Preliminary Program

Intelligence Per Watt: A Study of Local Intelligence Efficiency

Avanika Narayan
Stanford University

Abstract

Large language model (LLM) queries are predominantly processed by frontier models in centralized cloud infrastructure. Rapidly growing demand strains this paradigm, and cloud providers struggle to scale infrastructure at pace. Two advances enable us to rethink this paradigm: small LMs (≤20B active parameters) now achieve competitive performance to frontier models on many tasks, and local accelerators (e.g., Apple M4 Max) can run these models at interactive latencies. This raises the question: can local inference viably redistribute demand from centralized infrastructure? To answer this, we propose Intelligence Per Watt (IPW)—task accuracy per unit power—as a metric to assess the capability and efficiency of local inference across model–accelerator pairs. We conduct a large-scale empirical study across 20+ state-of-the-art local LMs, 8 accelerators, and a representative subset of LLM traffic consisting of 1M real-world single-turn chat and reasoning queries. For each query, we measure accuracy, energy, latency, and power.
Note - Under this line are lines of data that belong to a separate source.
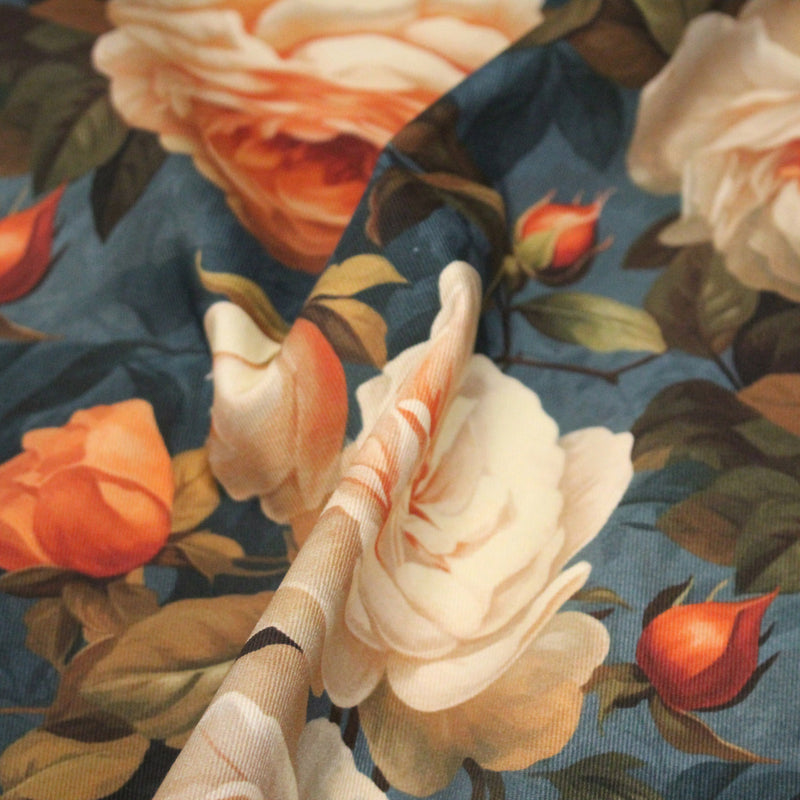 Tissu gabardine coton imprimée floral aux roses oranges et corail, fond bleu canard faux - uni - tissuspipi.com
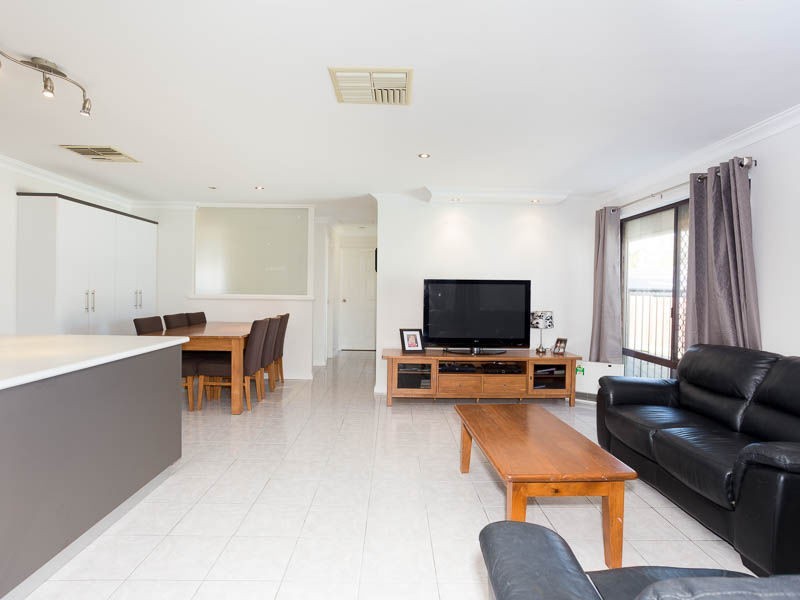 9 Crake Place, Yangebup WA 6164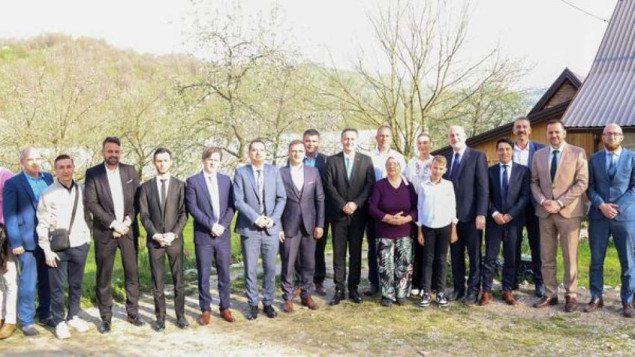 Bećirović u povratničkom naselju Miljeno kod Čajniča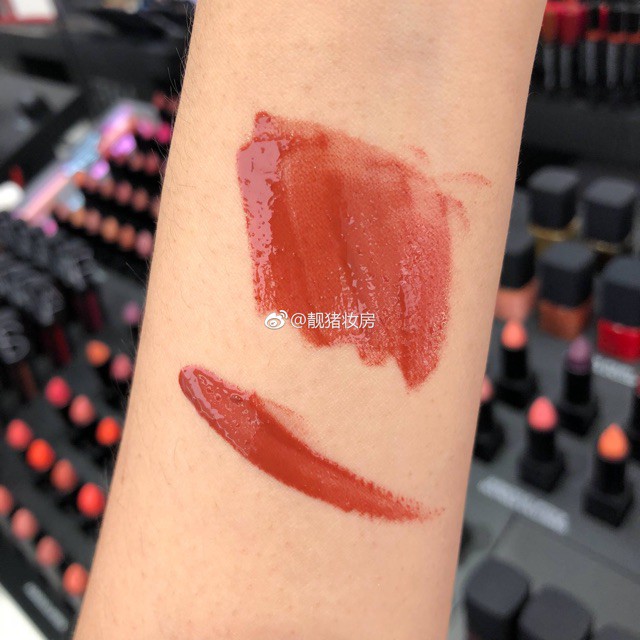 Son bóng NARS Lip Gloss Màu Aragon & No Regrets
Our analysis reveals three key findings: (1) Local LMs can accurately answer 88.7% of single-turn chat and reasoning queries, with variation by domain. (2) From 2023–2025, IPW improved by 5.3×, while local query coverage increased from 23.2% to 71.3%. (3) Local accelerators achieve at least 1.4× lower IPW than cloud accelerators running identical models, highlighting significant optimization headroom. These results demonstrate that local inference can meaningfully redistribute demand away from centralized infrastructure, with IPW serving as a critical metric for tracking this transition. We also release our IPW profiling harness to enable systematic intelligence-per-watt benchmarking.